+++ Entries shown
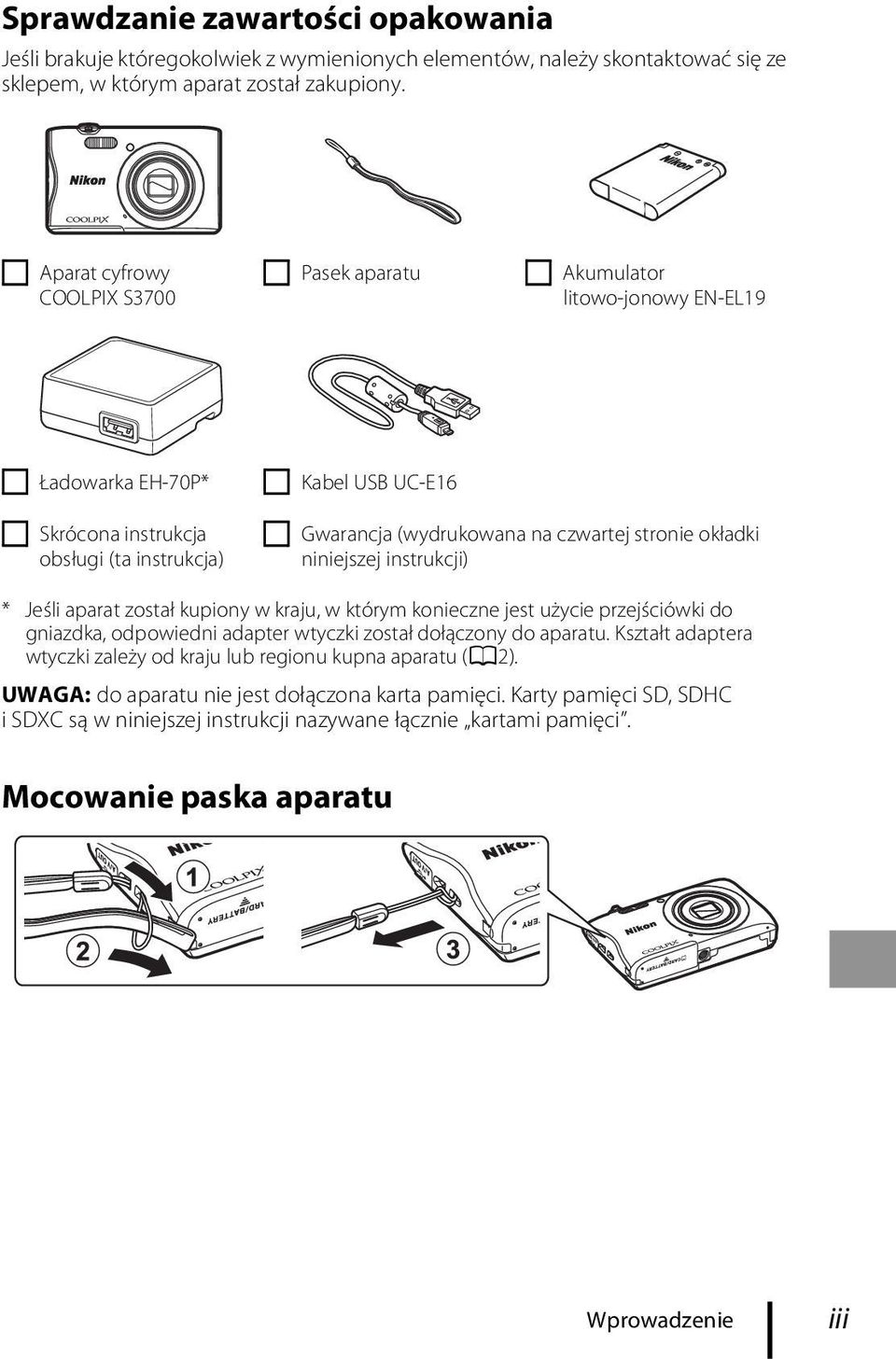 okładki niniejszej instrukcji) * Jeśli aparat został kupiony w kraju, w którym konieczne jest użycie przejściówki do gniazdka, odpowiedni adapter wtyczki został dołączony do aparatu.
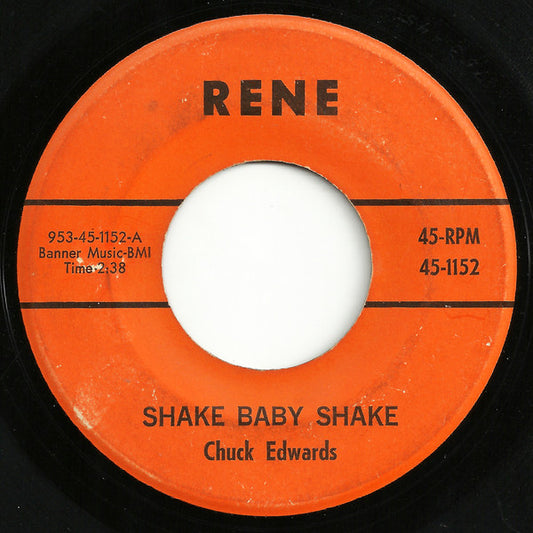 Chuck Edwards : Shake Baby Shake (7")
++++++
+++ Entries shown
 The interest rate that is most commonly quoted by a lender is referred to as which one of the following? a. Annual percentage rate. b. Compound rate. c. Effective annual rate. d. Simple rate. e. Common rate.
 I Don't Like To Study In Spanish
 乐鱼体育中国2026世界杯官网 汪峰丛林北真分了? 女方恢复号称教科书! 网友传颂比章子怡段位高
++++++
* **Exercise**: Repeat only the stretch of data above that runs from the line with "okładki niniejszej instrukcji)" to the line with "Chuck Edwards : Shake". Keep both end lines; exclude pictures.

* **Exercise answer**:
 okładki niniejszej instrukcji) * Jeśli aparat został kupiony w kraju, w którym konieczne jest użycie przejściówki do gniazdka, odpowiedni adapter wtyczki został dołączony do aparatu.
 Chuck Edwards : Shake Baby Shake (7")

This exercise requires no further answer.